Birileri sahip oldukları imkanları ve araçları kullanarak İslam adına, müslümanlar adına gündem belirlemekte, ya da belirlenmiş gün­demlere ilişkin olarak zaaflı yaklaşımlarını yaygınlaştırmaktadırlar. Özellikle kendilerine İslami sıfatını yakıştıran basın yayın organlarının ortaya koydukları yaklaşımlar kimi kez İslamilik sıfatını bütünüyle deforme edecek niteliktedir. Daha kötüsü böylelikle muhatap aldıkları kitlelerde ölçüsüz, tutarsız, sapkın değerlendirmelerin yeşermesine zemin oluşturmaktadırlar. Bulanık zihinleriyle insanların zihinlerini bulandırmaktadırlar.

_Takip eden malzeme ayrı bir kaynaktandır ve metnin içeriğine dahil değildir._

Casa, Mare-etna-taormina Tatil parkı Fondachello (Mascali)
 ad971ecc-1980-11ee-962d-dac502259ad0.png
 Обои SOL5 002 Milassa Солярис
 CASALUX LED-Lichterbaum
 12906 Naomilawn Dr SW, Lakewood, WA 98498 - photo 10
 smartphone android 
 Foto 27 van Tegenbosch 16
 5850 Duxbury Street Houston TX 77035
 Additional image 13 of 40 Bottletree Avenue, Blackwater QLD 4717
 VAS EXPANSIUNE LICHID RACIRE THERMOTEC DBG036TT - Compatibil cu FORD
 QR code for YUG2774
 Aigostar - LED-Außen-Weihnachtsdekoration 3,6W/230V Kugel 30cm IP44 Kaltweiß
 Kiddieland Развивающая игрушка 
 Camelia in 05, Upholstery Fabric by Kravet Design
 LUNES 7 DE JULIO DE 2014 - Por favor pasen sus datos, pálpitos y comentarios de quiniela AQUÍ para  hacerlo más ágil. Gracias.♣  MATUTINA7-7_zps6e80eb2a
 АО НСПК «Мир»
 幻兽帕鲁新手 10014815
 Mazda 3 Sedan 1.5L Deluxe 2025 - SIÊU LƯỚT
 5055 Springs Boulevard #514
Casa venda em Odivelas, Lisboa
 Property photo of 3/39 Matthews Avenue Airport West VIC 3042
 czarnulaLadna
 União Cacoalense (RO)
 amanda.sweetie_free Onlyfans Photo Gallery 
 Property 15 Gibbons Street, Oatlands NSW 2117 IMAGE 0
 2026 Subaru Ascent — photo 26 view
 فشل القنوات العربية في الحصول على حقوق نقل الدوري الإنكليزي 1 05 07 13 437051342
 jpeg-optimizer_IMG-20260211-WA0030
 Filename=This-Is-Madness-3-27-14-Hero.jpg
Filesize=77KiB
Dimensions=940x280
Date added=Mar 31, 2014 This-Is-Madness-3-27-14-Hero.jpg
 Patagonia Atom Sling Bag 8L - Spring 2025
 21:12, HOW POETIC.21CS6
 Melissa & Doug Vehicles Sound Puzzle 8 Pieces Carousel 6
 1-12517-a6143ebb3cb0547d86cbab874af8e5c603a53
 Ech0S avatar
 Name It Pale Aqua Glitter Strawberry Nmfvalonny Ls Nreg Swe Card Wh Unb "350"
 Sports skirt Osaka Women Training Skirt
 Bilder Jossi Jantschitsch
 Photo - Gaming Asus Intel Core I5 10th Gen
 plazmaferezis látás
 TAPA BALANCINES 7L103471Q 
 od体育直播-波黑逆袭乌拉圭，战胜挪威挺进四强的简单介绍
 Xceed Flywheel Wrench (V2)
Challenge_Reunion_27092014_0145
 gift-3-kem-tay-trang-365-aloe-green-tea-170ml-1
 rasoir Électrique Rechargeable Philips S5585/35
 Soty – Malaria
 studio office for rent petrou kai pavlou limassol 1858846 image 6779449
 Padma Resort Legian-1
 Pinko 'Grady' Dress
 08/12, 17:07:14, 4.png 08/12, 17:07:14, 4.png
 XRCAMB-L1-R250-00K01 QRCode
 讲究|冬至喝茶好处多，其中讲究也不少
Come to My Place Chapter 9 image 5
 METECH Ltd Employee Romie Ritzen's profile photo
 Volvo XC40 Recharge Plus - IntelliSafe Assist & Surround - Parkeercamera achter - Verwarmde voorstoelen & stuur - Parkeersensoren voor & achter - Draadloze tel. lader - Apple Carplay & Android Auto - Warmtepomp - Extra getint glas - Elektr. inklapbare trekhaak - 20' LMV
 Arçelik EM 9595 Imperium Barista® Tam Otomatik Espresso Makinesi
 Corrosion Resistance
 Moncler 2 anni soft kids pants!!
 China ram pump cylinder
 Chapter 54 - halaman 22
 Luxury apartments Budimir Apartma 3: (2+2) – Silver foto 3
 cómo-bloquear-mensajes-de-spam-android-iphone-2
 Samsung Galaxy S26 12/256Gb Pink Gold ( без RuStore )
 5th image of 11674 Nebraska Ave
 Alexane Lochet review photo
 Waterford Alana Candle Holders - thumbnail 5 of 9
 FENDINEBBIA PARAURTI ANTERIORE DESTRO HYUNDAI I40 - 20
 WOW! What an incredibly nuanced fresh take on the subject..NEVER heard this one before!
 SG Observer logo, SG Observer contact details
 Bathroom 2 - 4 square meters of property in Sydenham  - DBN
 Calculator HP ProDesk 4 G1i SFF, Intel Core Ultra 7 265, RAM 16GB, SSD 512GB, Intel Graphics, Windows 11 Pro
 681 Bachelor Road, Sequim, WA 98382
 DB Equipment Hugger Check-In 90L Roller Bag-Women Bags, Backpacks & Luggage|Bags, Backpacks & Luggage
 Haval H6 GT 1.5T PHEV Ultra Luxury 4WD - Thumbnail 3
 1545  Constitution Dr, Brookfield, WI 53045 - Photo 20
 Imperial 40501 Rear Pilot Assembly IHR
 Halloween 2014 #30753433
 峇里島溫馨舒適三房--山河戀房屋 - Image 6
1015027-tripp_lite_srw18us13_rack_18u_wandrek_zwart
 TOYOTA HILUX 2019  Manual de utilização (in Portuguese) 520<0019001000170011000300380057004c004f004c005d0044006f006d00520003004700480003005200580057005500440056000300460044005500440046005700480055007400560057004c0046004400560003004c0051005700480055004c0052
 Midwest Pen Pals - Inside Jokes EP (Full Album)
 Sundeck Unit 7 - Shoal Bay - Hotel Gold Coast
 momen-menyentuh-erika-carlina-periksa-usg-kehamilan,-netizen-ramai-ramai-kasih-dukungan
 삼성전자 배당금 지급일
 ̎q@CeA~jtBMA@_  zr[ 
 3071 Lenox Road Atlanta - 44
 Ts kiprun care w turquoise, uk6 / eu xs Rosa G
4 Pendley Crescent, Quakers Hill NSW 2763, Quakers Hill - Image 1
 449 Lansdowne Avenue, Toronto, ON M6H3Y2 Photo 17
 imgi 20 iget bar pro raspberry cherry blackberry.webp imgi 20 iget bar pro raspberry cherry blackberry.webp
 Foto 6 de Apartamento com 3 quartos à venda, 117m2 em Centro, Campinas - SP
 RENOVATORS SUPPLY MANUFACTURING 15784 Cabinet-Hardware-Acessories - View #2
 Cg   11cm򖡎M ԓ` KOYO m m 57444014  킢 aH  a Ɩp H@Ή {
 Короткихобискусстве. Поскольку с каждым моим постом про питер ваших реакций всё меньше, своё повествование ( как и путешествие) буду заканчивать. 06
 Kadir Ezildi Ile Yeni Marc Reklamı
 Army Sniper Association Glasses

İslam adına söz söyleyenlerin sözlerinin tutarlılığı sadece kendi şahıslarını bağlayan şahsi meseleleri olarak görülemez. Yanlış, tutarsız ve saptırıcı söylem ve tavır alışların müslüman kamuoyunda yaygınlaştırılmasına karşı duyarlılık göstermek her müslümanın görevidir. Bu itibarla son tahlilde İslami kimliği bulandırma ve zulüm sistemini pekiştirme anlamına gelebilecek yaklaşımlara karşı tepkimizi her zeminde ortaya koymalıyız. Bu yaklaşım sahiplerini elimizdeki her türlü imkanı kullanarak uyarmak ve yaptıklarıyla İslami kimliği bulandırdıklarını kendilerine göstermek için çaba sarfetmeliyiz. "Bunlardan da zaten ancak bu beklenirdi!" şeklinde yok sayan, ilgisiz tavırların yanlışların giderilmesine yararı olmayacağı gibi, yaygınlaşmasının önüne geçmeye de katkı sağlamayacağı açıktır. Bu yüzden boykot gibi sonuç itibariyle pasif bir tavır yerine, sürekli uyaran, yanlışlara dikkat çeken, tepki gösteren bir tutum İslami sorumluluğumuz ile daha fazla örtüşecektir.